Friday, October 17, 2008

Charitable and political giving

I published this paragraph as a bit of an afterthought on Thursday's post. Thought I'd pull it out and let it stand on its own -

Here's another thought I've been noodling on for a while. I've given more money to political campaigns this year than I ever have before. Judging by the size of the funds raised through primaries and general elections, I'm not alone. Lots more people have been giving money to candidates (and propositions, initiatives, etc) than ever before. What will be the impact of all this political giving on people's budgets for year-end giving? I don't know the answer to this question and we may not know until well after the election and after Giving Season. My hunch is that, as our wallets have grown thinner in recent months and our anxiety has increased, the "average" person's budget for year-end giving is going to move in the same direction as their budget for holiday shopping - down. Consumer companies and investors are planning on lower spending. Nonprofits are girding for it. Some research says this isn't the case. But that research was done in July 2008, back when folks had jobs, some had 401K plans, investment banks still existed, and banks themselves were independent. Now more than ever we will be making decisions about where and how to allocate our dollars and what lever - charitable, political, investment - will make the change we seek.


Anonymous said...

Lucy, I agree completely. I think the economy, stock market and exhaustion (literal and financial) from political giving have the potential to create the "perfect storm" for charitable organizations. We're thinking about this here at the Arcus Foundation and talking about getting some real data from our grantees after the end year fundraising figures are in to assess the impact and the extent to which we need to come forward with emergency, general op funds. I'd hate to see our people hampered just at the time when a new federal administration could make a lot of things possible if the right advocacy strategies were able to be executed.

Lucy Bernholz said...

Thanks Cindy - I could not agree more. One of the challenges we all face in philanthropy in down times is not backsliding - here's how I have been thinking about this. Imagine you are a donor supporting after-school tutoring programs. Money gets tight. You pull back your giving. Public funds recede. Other donors pull back. The tutoring program cuts spots for kids. The very kids who had been making progress through the tutoring program can no longer get that help. They lose ground academically. In essence, the investments made in that program and in those kids during good times are lost.

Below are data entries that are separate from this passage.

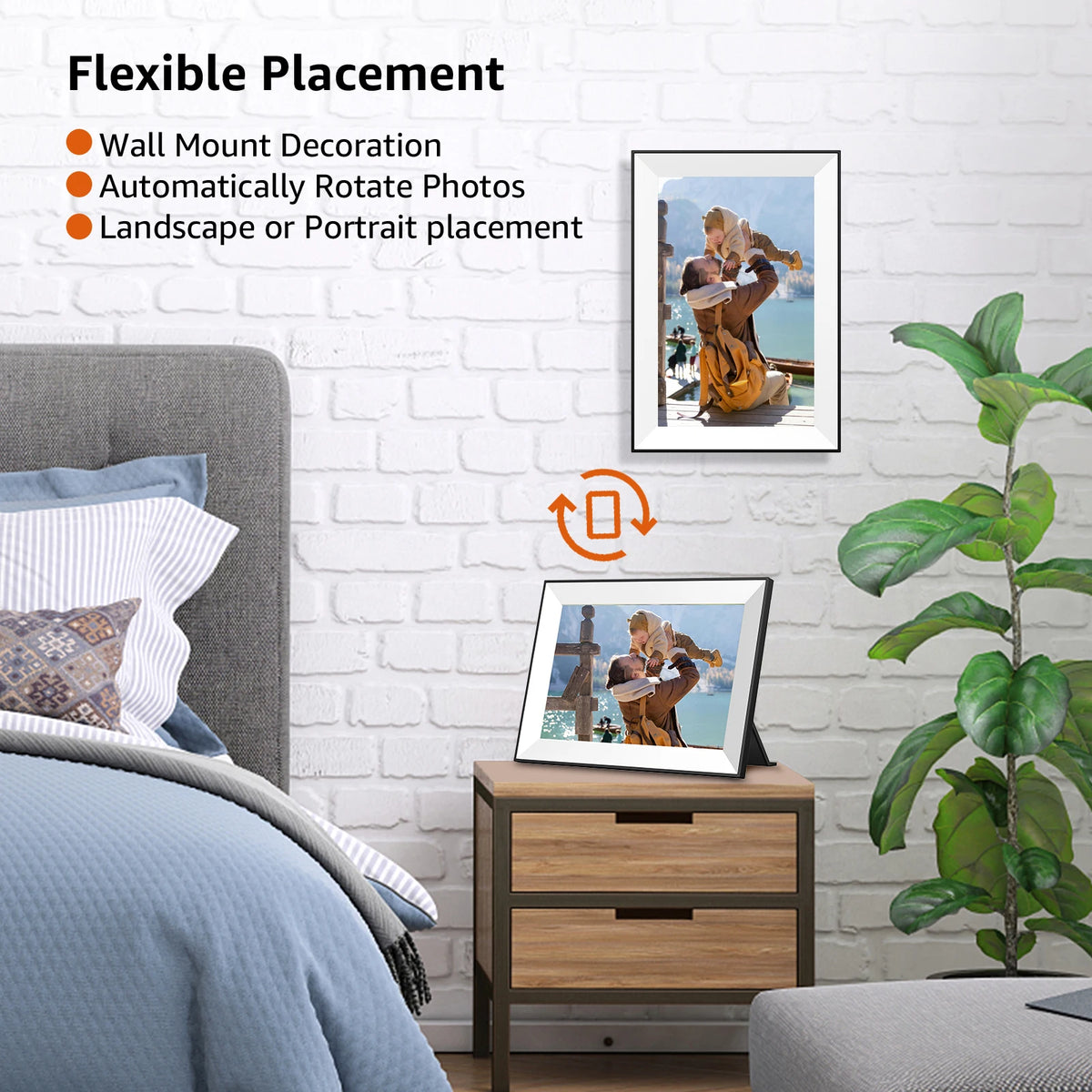 A digital photo frame displaying a landscape or portrait, shown in a living room setting.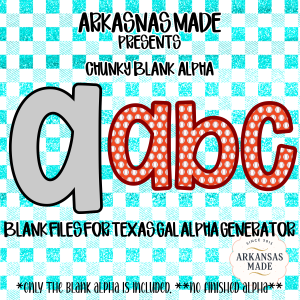 Chunky Blank Alpha Baseball Letters, Texas Gal Alpha Generator Files, Digital Download Alpha Sublimation DTF PNGs, Custom Text DIY, Instant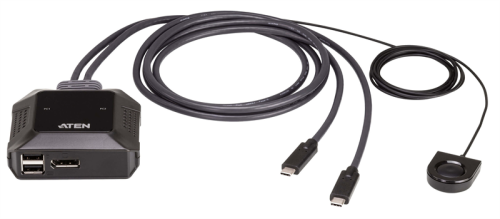ATEN 2-Port USB-C 4K DisplayPort Cable KVM Switch (US3312-AT)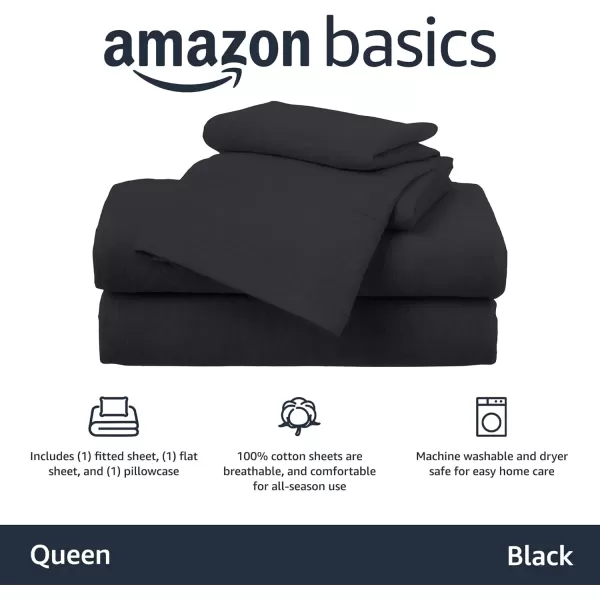 Amazon Basics Cotton Jersey 4Piece Bed Sheet Set King Oatmeal SolidBlack Queen Sheet Set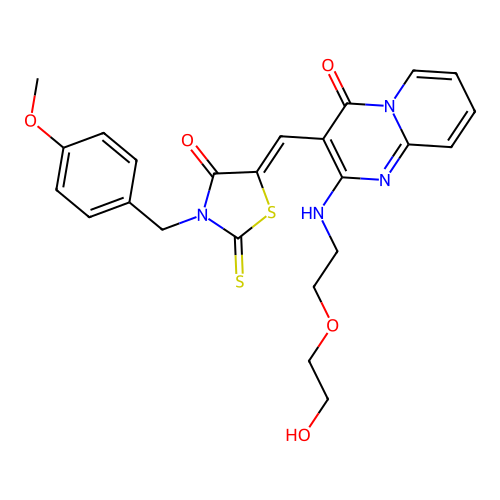 2-{[2-(2-hydroxyethoxy)ethyl]amino}-3-{(Z)-[3-(4-methoxybenzyl)-4-oxo-2-thioxo-1,3-thiazolidin-5-ylidene]methyl}-4H-pyrido[1,2-a]pyrimidin-4-one structure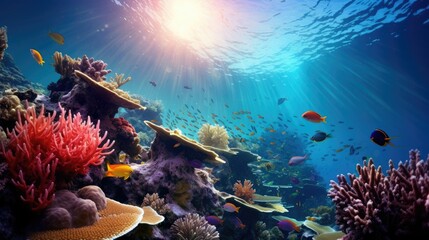 Vibrant Coral Reef Photography - Enchanting Underwater Scene with Colorful Fish, Intricate Coral Formations, and Rays of Sunlight - generative AI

Your point about advocacy organizations and infrastructure - given this particular presidential election - is right on. If the support that has built those organizations through the last 8 years erodes now, there will not be the platform/infrastructure from which to move forward come January 20.

Giving in down times - it is a tough set of choices.

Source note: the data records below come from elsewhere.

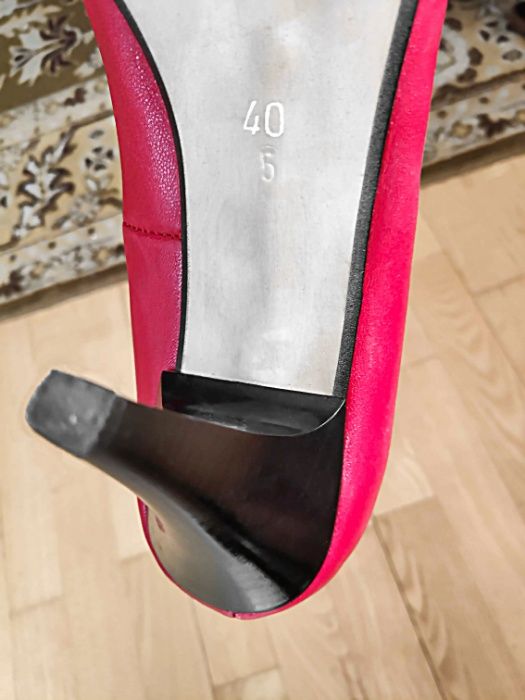 Buty szpilki czerwone skóra naturalna
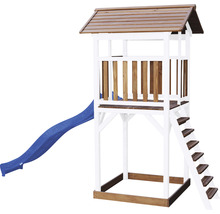 Spielturm axi Beach Tower blaue Rutsche Holz braun weiß Blau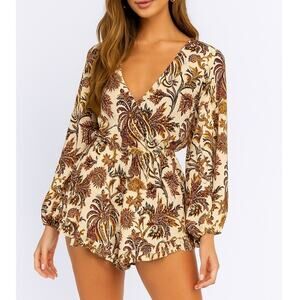 Show Me Your MuMu Bailey Floral Long Sleeve Romper Small NWOT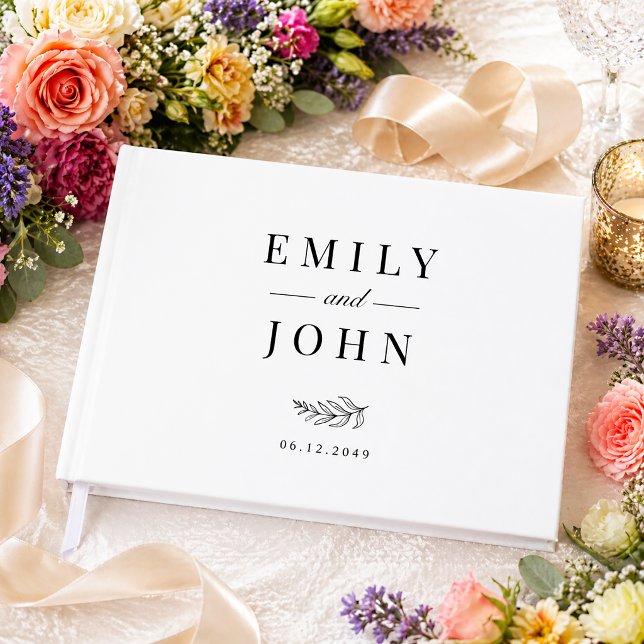 Modern Minimalist Black & White Wedding Guest Book (Creator Uploaded)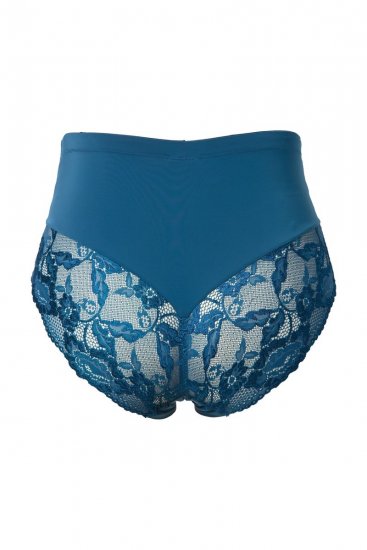 Ulla Popken 809385 Cuecas modeladoras com renda Petróleo - Roupa modeladora -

Thanks for your comment. I'd love to learn what you learn from your grantees about their end-of-year fundraising.

Anonymous said...

I think you make a good point about political giving, and I hadn't heard it before. I've also given way more money than ever to political candidate, and that had already factored into the amount I decided upon when I was asked for support by an organization with which I've been familiar for a long time but had never personally supported. will be interesting to see what that and the meltdown combined will mean when we sit down to think through the rest of our donations this year.